Critical Thinking: Why Does Evil Exist?

I don’t want to explore the problem of evil. I want to use that question and the arguments made by atheists and agnostics to discuss how we use our resources to analyze and respond to such questions. 1 Peter 3:15 is the basis for Christian apologetics: always being prepared to make a defense to anyone who asks you for a reason for the hope that is in you; yet do it with gentleness and respect…

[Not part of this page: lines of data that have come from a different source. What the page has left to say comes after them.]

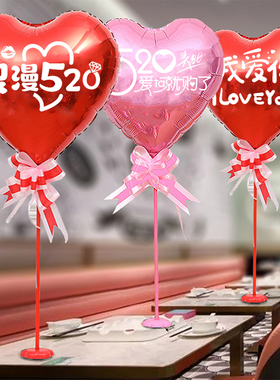 520情人节装饰气球商场店铺布置珠宝橱窗餐厅节日活动氛围桌飘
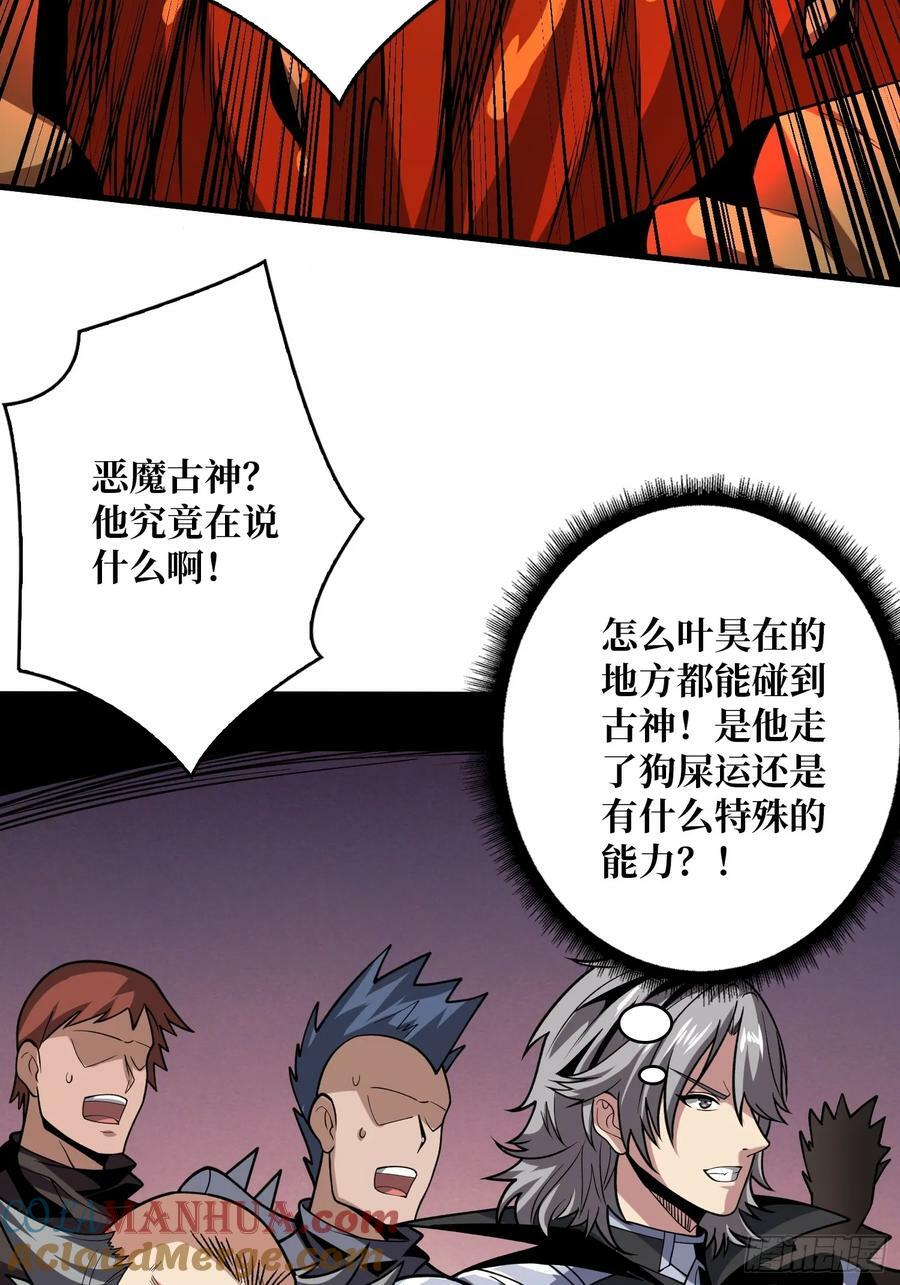 恶魔古神的旨意42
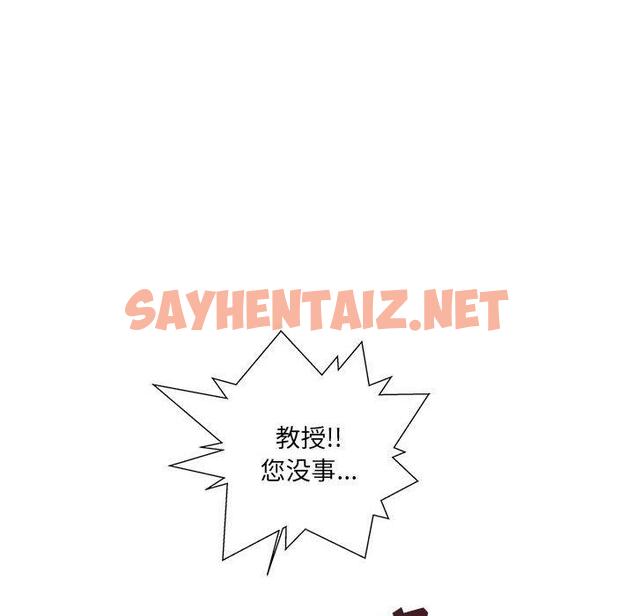 查看漫画甜蜜合租 - 第2话 - sayhentaiz.net中的689166图片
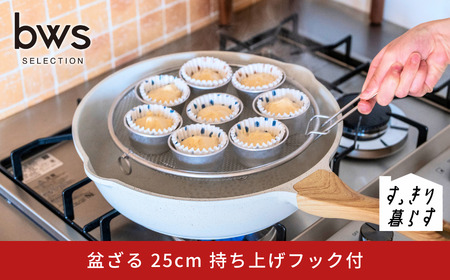 すっきり暮らす 盆ざる 25cm 持ち上げフック付き ステンレス 食洗機対応 燕三条製 ビーワーススタイル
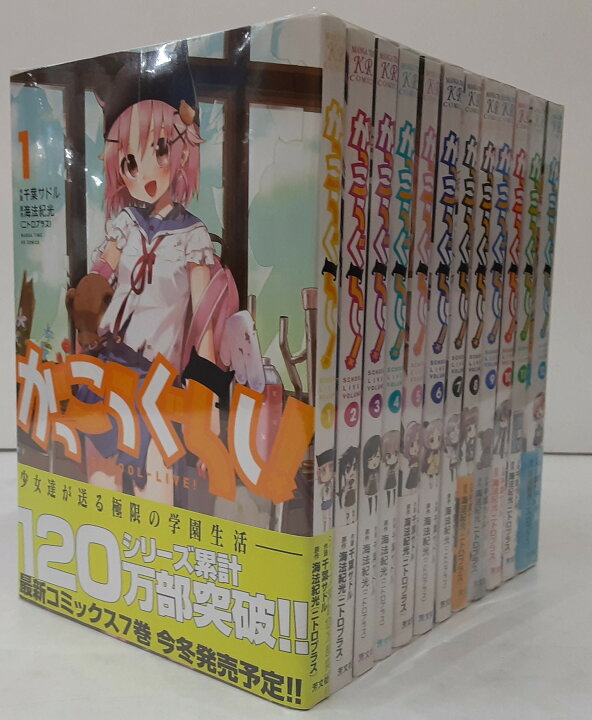 楽天市場 青年コミック がっこうぐらし 全12巻セット 中古 可 芳文社 千葉サトル 海法紀光 ニトロプラス 12巻セット セット コミック マンガ 漫画 和泉中央店 お宝家和泉中央ｗｅｂ店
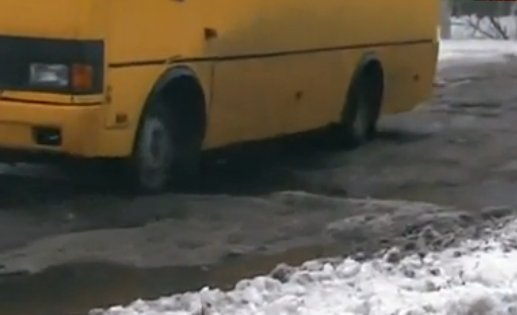 Απαράδεκτες συνθήκες στους δρόμους της Ουκρανίας! (video)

When I was college I took an honors level class simply titled Critical Thinking. I think it should have been required of all entering freshmen; definitely wished our debate team in high school could have spent a few weeks each year in that course. I didn’t go to a large state funded university that spent four years trying educate the faith out of us or teach me that everything my parents ever believed was wrong. At a private liberal arts college, affiliated with the Georgia Baptist Convention, the professor wanted us to think things through, use logic and empirical data, in order to defend whatever position we claimed. He was not an atheist trying to turn us against the Christian faith, as some have claimed when I share this story. He posed us this dilemma so that, like iron sharpens iron, we could work through a proper response: God is either all powerful or all good but cannot be both. If he is all good then evil exists because is unable to eliminate it. Conversely if God is all powerful then he must be evil as he chooses not to do away with it. Discussion ensued.